Autre roman que vous devez lire si jamais vous l'avez raté en septembre dernier, Chien 51 de Laurent Gaudé chez Actes Sud. Laurent Gaudé, prix Goncourt 2004 pour Le Soleil des Scorta, nous propose une  dystopie percutante. L’auteur nous emmène dans une mégapole gérée par une multinationale qui, comme d’autres, rachètent des états en ruine.  

Dans ce monde, deux flics vont mener une enquête autour de deux morts retrouvés atrocement mutilés dans les quartiers pauvres de la mégapole. Fausses pistes, guerre des polices, manipulations politiques, tout y est. Et Laurent Gaudé mène tout cela de main de maître. L'écriture subtile et raffinée et l’humanisme de Laurent Gaudé y font beaucoup.  

Pas très loin de l’univers de Laurent Gaudé avec L’armée des hommes libres, Franck Darcel, le guitariste du groupe rennais de la fin des années 70 et du début des années 80, Marquis de Sade, propose une dystopie, un thriller géopolitique difficile à enfermer dans un genre. Franck Darcel imagine une Europe dévastée en 2030, après plusieurs pandémies et un conflit mondial.    

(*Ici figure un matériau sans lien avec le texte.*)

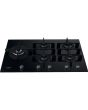 Whirlpool GOWL 958/NB W Collection Gas Hob 5 Burners 90cm - Black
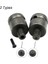 B Hex Shank 1/2"-20UNF / 3/8''-24UNF Darbeli Anahtar Için Yedek Adaptör Dönüştürme Matkap Chuck Adaptörü Sds-Plus Altıgen Soket Kare Dişi (Yurt Dışından) 3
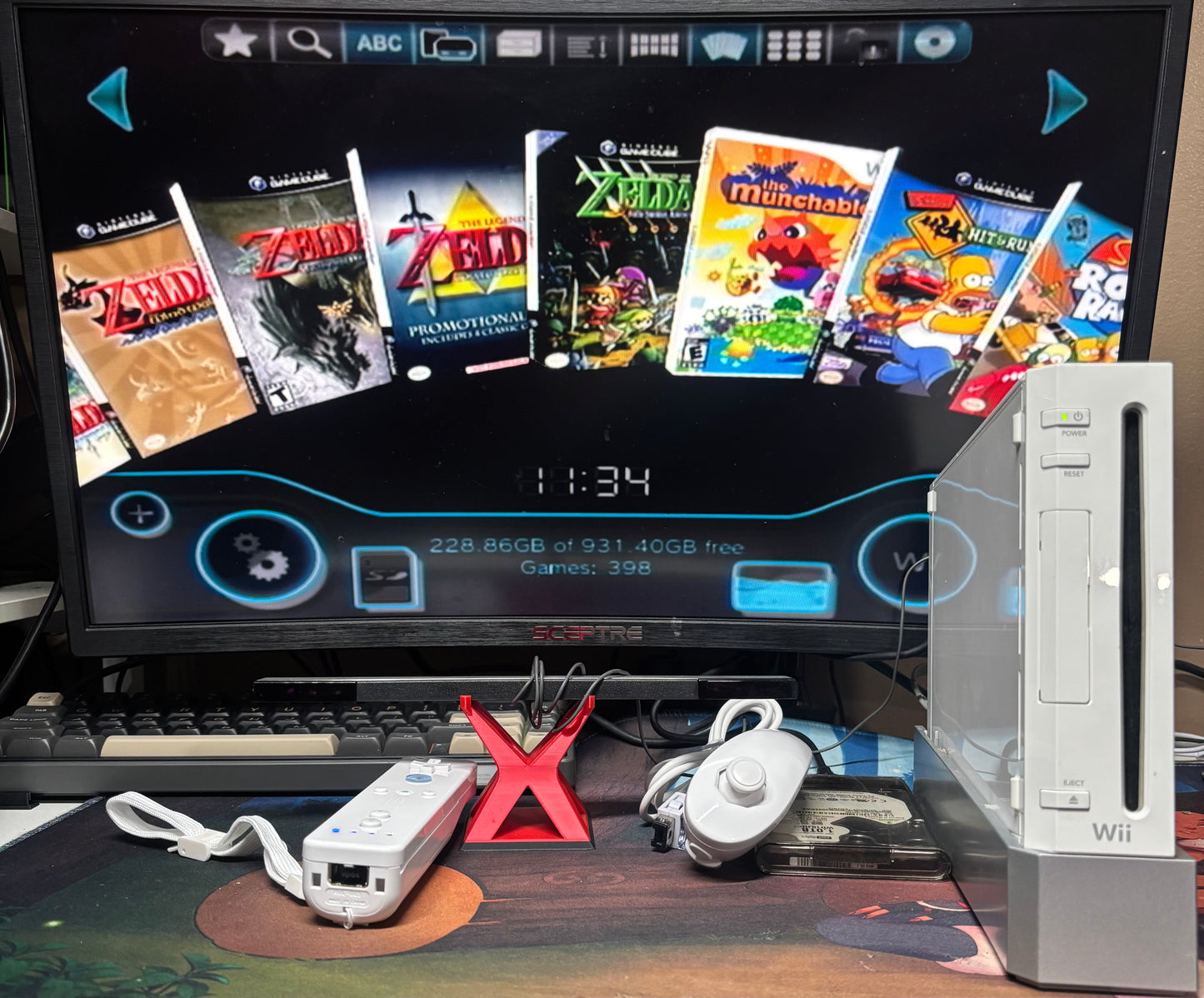 Refurbished Wii(white)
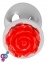 Анальна пробка Rose Butt Plug (61325330840000) 5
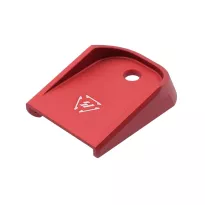Strike Industries - Aluminiowa stopka magazynka do Glocka - SI-G-ALBP-RED - 2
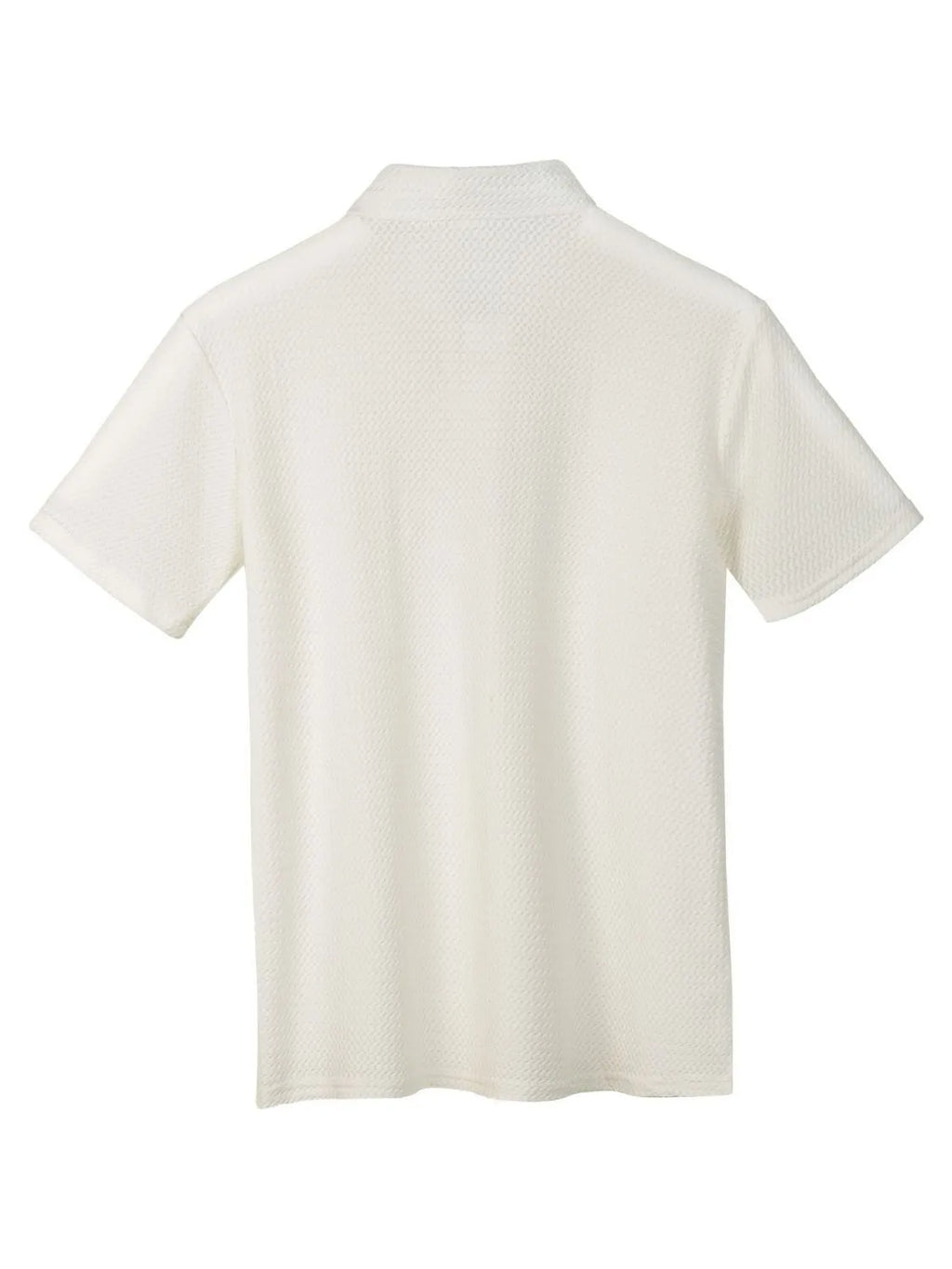 Men's Full Size Collared Neck Short Sleeve Polo Plus Size | STAHlin RADIANCE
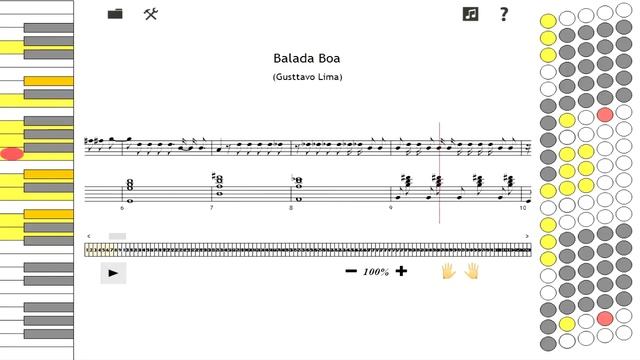 как играть на аккордеоне Balada Boa смотреть онлайн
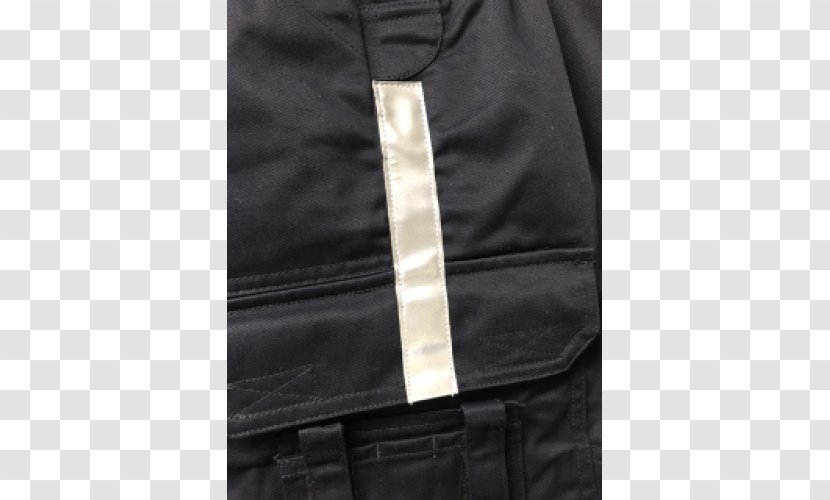Leather Zipper Jacket Outerwear Sleeve - Pocket M Transparent PNG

Et  puis je ne voudrais pas oublier Plus Bas dans la Vallée de Ron Rash, publié chez Gallimard et Faire bientôt éclater la terre d'un autre américain, Karl Marlantes, chez Calmann-Lévy. Des nouvelles de Ron Rash et un roman qui ont en commun la nature et son exploitation sans mesure et parfois violente par l’homme aux Etats-Unis et les conflits et luttes sociales qui ont  accompagné la construction de ce pays tout au long du XXe siècle. On retrouve dans Plus Bas dans la Vallée, la finesse habituelle de Ron Rash.  

Une précision d’écriture, voire une lenteur que l’on retrouve chez Karl Marlantes. L’auteur américain nous parle d’abord de la Finlande de ses origines, à travers trois jeunes Finlandais qui fuient la domination russe et émigrent au début du XXe siècle aux Etats-Unis, dans une colonie de bûcherons au Nord de la Californie. C’est une grande saga familiale.